Seria uma questão de tempo até que a contemporaneidade se impusesse na agenda da editora. Fiel aos seus princípios, chega graças à descoberta de nomes tão fascinantes e enigmáticos quanto os que nesta sua digressão traz a Lisboa. O Group Doueh, proveniente do Sahara ocidental, evoca o funk e o rock psicadélico mas com instrumentos cheios de areia e história, crus, secos e fossilizados, sacudidos pelas vozes e pela guitarra num arremesso sensual que sintetiza devoção e irredutível independência desde a costa da Mauritânia até aos ecos de Hendrix pelas margens do Mississippi. Omar Souleyman é sírio e propõe algo de radicalmente diferente: entre percussionistas proto-Miami bass e um teclista a lembrar um Tomita-sob-ácidos, canta e fala em vertigem sobre um fundo sonoro pimbadélia-em-esteróides que faria os sonhos arábicos de Kanye West. A música do Mundo não fica mais estranha e real do que isto.

13 de junho de 2009

Martinho da Vila "O Pequeno Burguês!!"

Abre com um elegante inédito (‘Filosofia de Vida’) e diz logo ao que vem: “Meu destino eu moldei / Qualquer um pode moldar / Deixo o mundo me rumar / Para onde quero ir / Dor passada não me dói / E nem curto nostalgia / Eu só quero o que preciso / Pra viver meu dia a dia”. E se há tendência que sempre o definiu foi precisamente a que equilibrava razão e fé, e que Martinho cantou como “tenho fé na razão”. Esse diálogo entre determinismo e liberdade é, aliás, constante ao longo dos seus 40 anos de carreira. Por sinal, não se imagina nenhum outro sambista capaz de renunciar à nostalgia na noite em que comemora 70 anos de vida. O que é consequência de outro factor determinante na sua trajectória: o culto da fraternidade. Daí que, no samba, seja o maior dos estóicos. Nessa perspectiva, é natural que este concerto em 2008 gravado no Teatro Fecap, de São Paulo, inclua clássicos de 1969, 70 e 71 – como ‘Casa de Bamba’, ‘Pra Que Dinheiro’, ‘O Pequeno Burguês’, ‘Tom Maior’ ou ‘Menina Moça’ – em que celebrava sobretudo a comunidade, a família e a natureza. E é paradigmático que seja nos temas em que está só, cantando a capella, que, pelo coro do público, transpareça a verdade da voz da sua gente.

5 de junho de 2009

Carlos Martínez “Atahualpa Yupanqui – Obra Completa Para Guitarra (Composiciones Propias)”

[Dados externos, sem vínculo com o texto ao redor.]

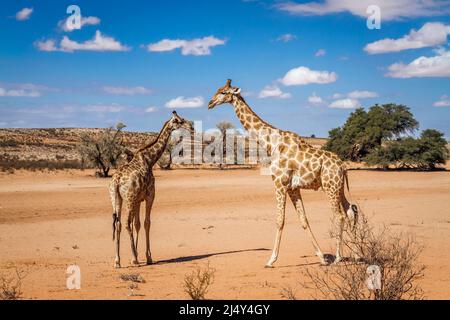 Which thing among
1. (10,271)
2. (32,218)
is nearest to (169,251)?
(10,271)

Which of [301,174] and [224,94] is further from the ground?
[224,94]

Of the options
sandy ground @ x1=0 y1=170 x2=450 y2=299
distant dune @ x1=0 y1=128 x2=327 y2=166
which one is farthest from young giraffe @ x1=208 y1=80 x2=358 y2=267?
distant dune @ x1=0 y1=128 x2=327 y2=166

Portugal percebeu-o bem. E não foi apenas para apadrinhar Abril que, um dia, don Ata ‘saudou’ Zeca Afonso evocando mais o sopro do vento do que a vontade dos homens. É que não será a distância a separar quem, em países cortados ao meio, soube ao verdugo responder com uma poética de flores de estio. E se, por vezes, a política mais não faz do que mistificar valores inscritos na terra, o que dizer de quem – na sua Argentina – soube reclamar um lugar no coração geográfico de um país de forma a melhor entender o que lhe ia na alma? E, para mais, criando um estilo que – como por cá o de Paredes – só não fez escola porque se revelou inimitável. Daí a impossível tarefa do guitarrista Carlos Martínez e o paradoxo em que assenta o seu absoluto triunfo. Pois constata que, mais do que a compreensão do tempo cronológico, em Yupanqui é necessário reconhecer aquilo que a filosofia apelida por ‘tempo oportuno’. Isso, e a aceitação de uma cumplicidade geográfica que – por entre sarças e canaviais, nas serranias e nos planaltos – se revela sempre que numa decantação folclórica o sangue se mistura com as cordas e a madeira. Do andino sonho de tocar a lua à descida da cruz de quem canta errando pela pampa, esta é a música enquanto metáfora de silêncios.